As illustrated in Fig. 1A, the core psychological processes targeted
in the Presence Module are attention and interoceptive awareness,
which are trained through the two meditation-based core exercises
Breathing Meditation and Body Scan. The Affect Module targets the
cultivation of social emotions, such as compassion, loving kindness,
and gratitude. It also aims to enhance prosocial motivation and dealing
with difficult emotions. The two core exercises of the Affect Module are
Loving-kindness Meditation and Affect Dyad. In the Perspective
Module, participants train metacognition and perspective-taking on self
and others through the two core exercises Observing-thoughts Meditation and Perspective Dyad.
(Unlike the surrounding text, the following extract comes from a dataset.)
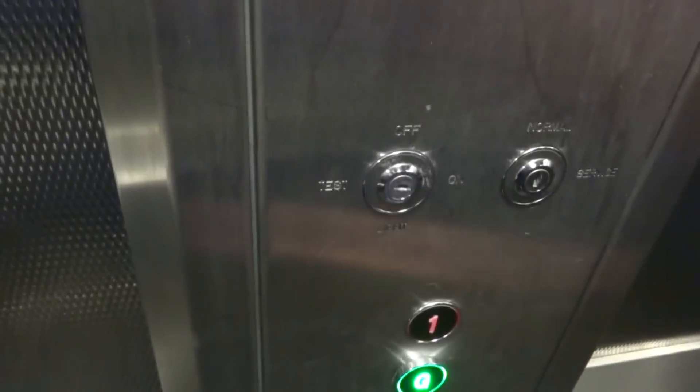Going up. Service control. We can turn off the lights using this key. Ground floor. And here we are at ground. Doors opening.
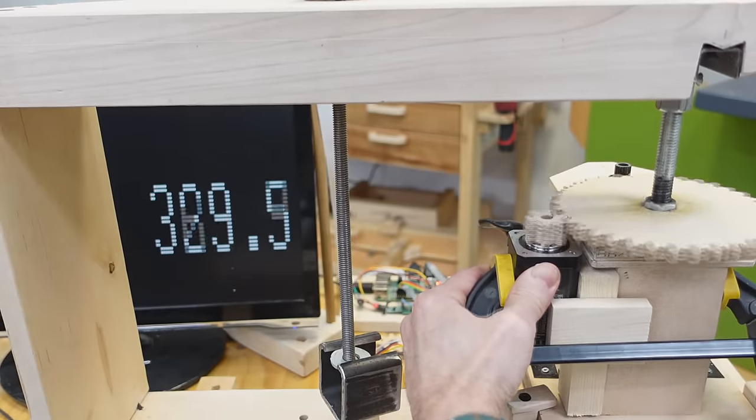I love these motors, and even though they cost quite a bit more than stepper motors, I just ordered a bunch more. But there is something to be said for the simplicity and reliability of old-fashioned steppers — this one I think is about 45 years old.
Participants were free to conduct each of the
two core practices of a given module at their best convenience. Although
our recommendation was to train for a minimum of 30 min (for example, 10-min contemplative dyad and 20-min classic meditation) 5 days
per week, there was no guideline on when the two different core
practices had to be realized. The dyadic interactions had to be
coordinated in advance with a respective dyadic partner and could
therefore not be carried out as flexibly as the classic meditation
practice. The average numbers of weekly practice sessions for each
mental training exercise performed in Presence, Affect, and Perspective
Modules are shown in table S3.
The two contemplative dyads address different skills but are similar
in structure. In each 10-min dyadic practice, two randomly paired
participants share their experiences with alternating roles of speaker
and listener. Dyads are conducted using a custom-designed website
or smartphone application, which randomly chooses one participant
as first speaker. The speaker contemplates on a chosen topic for 5 min.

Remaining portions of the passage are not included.